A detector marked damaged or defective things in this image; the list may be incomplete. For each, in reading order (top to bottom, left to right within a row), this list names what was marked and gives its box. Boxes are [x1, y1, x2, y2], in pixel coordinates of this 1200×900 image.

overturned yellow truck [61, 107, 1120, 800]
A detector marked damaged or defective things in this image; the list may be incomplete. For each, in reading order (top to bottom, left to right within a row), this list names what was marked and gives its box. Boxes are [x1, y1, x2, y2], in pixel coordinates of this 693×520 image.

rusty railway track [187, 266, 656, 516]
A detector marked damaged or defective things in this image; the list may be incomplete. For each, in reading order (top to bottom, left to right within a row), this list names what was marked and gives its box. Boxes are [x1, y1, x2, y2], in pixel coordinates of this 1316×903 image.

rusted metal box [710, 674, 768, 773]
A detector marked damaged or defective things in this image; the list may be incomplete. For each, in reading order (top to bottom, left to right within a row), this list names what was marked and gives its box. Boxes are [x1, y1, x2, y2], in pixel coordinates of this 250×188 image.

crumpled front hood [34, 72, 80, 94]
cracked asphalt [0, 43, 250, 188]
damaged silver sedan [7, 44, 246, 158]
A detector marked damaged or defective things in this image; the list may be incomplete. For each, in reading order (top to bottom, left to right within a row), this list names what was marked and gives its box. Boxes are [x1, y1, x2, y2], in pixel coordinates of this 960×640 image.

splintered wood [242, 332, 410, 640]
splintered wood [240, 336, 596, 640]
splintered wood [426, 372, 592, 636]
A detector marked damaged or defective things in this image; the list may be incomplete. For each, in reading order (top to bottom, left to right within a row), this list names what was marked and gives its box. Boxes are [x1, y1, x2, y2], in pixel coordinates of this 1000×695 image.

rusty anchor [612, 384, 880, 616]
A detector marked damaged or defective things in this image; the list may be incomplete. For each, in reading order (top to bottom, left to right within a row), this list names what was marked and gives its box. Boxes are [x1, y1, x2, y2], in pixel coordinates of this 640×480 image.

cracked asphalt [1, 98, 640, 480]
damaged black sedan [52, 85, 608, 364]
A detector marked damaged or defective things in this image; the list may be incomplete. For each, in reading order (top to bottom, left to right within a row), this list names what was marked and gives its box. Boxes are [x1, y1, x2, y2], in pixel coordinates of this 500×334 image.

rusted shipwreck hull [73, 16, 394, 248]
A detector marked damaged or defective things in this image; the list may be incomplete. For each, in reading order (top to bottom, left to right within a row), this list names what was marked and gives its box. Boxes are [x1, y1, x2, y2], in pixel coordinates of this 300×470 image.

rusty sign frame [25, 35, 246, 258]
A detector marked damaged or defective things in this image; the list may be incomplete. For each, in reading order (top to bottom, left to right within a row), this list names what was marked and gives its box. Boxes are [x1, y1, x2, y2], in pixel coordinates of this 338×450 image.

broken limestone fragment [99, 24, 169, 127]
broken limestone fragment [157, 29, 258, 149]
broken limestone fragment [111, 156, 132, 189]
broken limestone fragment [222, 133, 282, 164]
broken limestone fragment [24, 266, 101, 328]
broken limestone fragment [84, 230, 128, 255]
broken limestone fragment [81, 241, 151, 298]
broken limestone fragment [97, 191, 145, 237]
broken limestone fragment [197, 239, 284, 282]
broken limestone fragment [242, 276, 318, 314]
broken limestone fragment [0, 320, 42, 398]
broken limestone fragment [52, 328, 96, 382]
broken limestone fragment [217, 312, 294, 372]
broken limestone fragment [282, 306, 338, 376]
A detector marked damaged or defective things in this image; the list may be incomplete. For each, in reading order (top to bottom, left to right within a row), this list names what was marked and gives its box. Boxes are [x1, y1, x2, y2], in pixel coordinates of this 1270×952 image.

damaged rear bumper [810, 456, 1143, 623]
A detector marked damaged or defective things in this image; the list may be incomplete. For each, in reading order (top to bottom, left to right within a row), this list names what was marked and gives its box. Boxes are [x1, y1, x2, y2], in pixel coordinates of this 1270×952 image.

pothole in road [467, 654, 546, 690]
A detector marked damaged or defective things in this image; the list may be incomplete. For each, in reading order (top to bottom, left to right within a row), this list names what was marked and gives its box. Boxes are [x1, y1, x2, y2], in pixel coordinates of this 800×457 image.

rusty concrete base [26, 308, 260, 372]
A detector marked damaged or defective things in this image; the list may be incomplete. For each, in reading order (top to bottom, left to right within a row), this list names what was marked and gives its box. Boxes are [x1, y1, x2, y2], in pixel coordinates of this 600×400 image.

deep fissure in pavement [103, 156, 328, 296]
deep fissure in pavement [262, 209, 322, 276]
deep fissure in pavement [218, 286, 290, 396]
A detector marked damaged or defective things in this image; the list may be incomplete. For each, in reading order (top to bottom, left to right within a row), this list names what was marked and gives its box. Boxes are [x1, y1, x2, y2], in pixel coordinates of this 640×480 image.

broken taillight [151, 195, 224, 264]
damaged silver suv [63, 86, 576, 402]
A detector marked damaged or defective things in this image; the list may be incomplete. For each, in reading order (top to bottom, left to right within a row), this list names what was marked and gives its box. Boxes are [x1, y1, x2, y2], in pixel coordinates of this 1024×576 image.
..............................
What the exercise asks. Could you return the data above exactly as it stands?

Solution to this problem.
A detector marked damaged or defective things in this image; the list may be incomplete. For each, in reading order (top to bottom, left to right within a row), this list names what was marked and gives its box. Boxes are [x1, y1, x2, y2], in pixel coordinates of this 1200×900 image.

overturned yellow truck [61, 107, 1120, 800]
A detector marked damaged or defective things in this image; the list may be incomplete. For each, in reading order (top to bottom, left to right within a row), this list names what was marked and gives its box. Boxes are [x1, y1, x2, y2], in pixel coordinates of this 693×520 image.

rusty railway track [187, 266, 656, 516]
A detector marked damaged or defective things in this image; the list may be incomplete. For each, in reading order (top to bottom, left to right within a row), this list names what was marked and gives its box. Boxes are [x1, y1, x2, y2], in pixel coordinates of this 1316×903 image.

rusted metal box [710, 674, 768, 773]
A detector marked damaged or defective things in this image; the list may be incomplete. For each, in reading order (top to bottom, left to right within a row), this list names what was marked and gives its box. Boxes are [x1, y1, x2, y2], in pixel coordinates of this 250×188 image.

crumpled front hood [34, 72, 80, 94]
cracked asphalt [0, 43, 250, 188]
damaged silver sedan [7, 44, 246, 158]
A detector marked damaged or defective things in this image; the list may be incomplete. For each, in reading order (top to bottom, left to right within a row), this list names what was marked and gives its box. Boxes are [x1, y1, x2, y2], in pixel coordinates of this 960×640 image.

splintered wood [242, 332, 410, 640]
splintered wood [240, 336, 596, 640]
splintered wood [426, 372, 592, 636]
A detector marked damaged or defective things in this image; the list may be incomplete. For each, in reading order (top to bottom, left to right within a row), this list names what was marked and gives its box. Boxes are [x1, y1, x2, y2], in pixel coordinates of this 1000×695 image.

rusty anchor [612, 384, 880, 616]
A detector marked damaged or defective things in this image; the list may be incomplete. For each, in reading order (top to bottom, left to right within a row), this list names what was marked and gives its box. Boxes are [x1, y1, x2, y2], in pixel coordinates of this 640×480 image.

cracked asphalt [1, 98, 640, 480]
damaged black sedan [52, 85, 608, 364]
A detector marked damaged or defective things in this image; the list may be incomplete. For each, in reading order (top to bottom, left to right within a row), this list names what was marked and gives its box. Boxes are [x1, y1, x2, y2], in pixel coordinates of this 500×334 image.

rusted shipwreck hull [73, 16, 394, 248]
A detector marked damaged or defective things in this image; the list may be incomplete. For each, in reading order (top to bottom, left to right within a row), this list names what was marked and gives its box. Boxes are [x1, y1, x2, y2], in pixel coordinates of this 300×470 image.

rusty sign frame [25, 35, 246, 258]
A detector marked damaged or defective things in this image; the list may be incomplete. For each, in reading order (top to bottom, left to right within a row), this list names what was marked and gives its box. Boxes are [x1, y1, x2, y2], in pixel coordinates of this 338×450 image.

broken limestone fragment [99, 24, 169, 127]
broken limestone fragment [157, 29, 258, 149]
broken limestone fragment [111, 156, 132, 189]
broken limestone fragment [222, 133, 282, 164]
broken limestone fragment [24, 266, 101, 328]
broken limestone fragment [84, 230, 128, 255]
broken limestone fragment [81, 241, 151, 298]
broken limestone fragment [97, 191, 145, 237]
broken limestone fragment [197, 239, 284, 282]
broken limestone fragment [242, 276, 318, 314]
broken limestone fragment [0, 320, 42, 398]
broken limestone fragment [52, 328, 96, 382]
broken limestone fragment [217, 312, 294, 372]
broken limestone fragment [282, 306, 338, 376]
A detector marked damaged or defective things in this image; the list may be incomplete. For each, in reading order (top to bottom, left to right within a row), this list names what was marked and gives its box. Boxes are [x1, y1, x2, y2], in pixel coordinates of this 1270×952 image.

damaged rear bumper [810, 456, 1143, 623]
A detector marked damaged or defective things in this image; the list may be incomplete. For each, in reading order (top to bottom, left to right within a row), this list names what was marked and gives its box. Boxes are [x1, y1, x2, y2], in pixel coordinates of this 1270×952 image.

pothole in road [467, 654, 546, 690]
A detector marked damaged or defective things in this image; the list may be incomplete. For each, in reading order (top to bottom, left to right within a row), this list names what was marked and gives its box. Boxes are [x1, y1, x2, y2], in pixel coordinates of this 800×457 image.

rusty concrete base [26, 308, 260, 372]
A detector marked damaged or defective things in this image; the list may be incomplete. For each, in reading order (top to bottom, left to right within a row), this list names what was marked and gives its box. Boxes are [x1, y1, x2, y2], in pixel coordinates of this 600×400 image.

deep fissure in pavement [103, 156, 328, 296]
deep fissure in pavement [262, 209, 322, 276]
deep fissure in pavement [218, 286, 290, 396]
A detector marked damaged or defective things in this image; the list may be incomplete. For each, in reading order (top to bottom, left to right within a row), this list names what was marked and gives its box. Boxes are [x1, y1, x2, y2], in pixel coordinates of this 640×480 image.

broken taillight [151, 195, 224, 264]
damaged silver suv [63, 86, 576, 402]
A detector marked damaged or defective things in this image; the list may be incomplete. For each, in reading order (top to bottom, left to right within a row), this list names what was marked and gives its box. Boxes are [x1, y1, x2, y2], in pixel coordinates of this 1024×576 image.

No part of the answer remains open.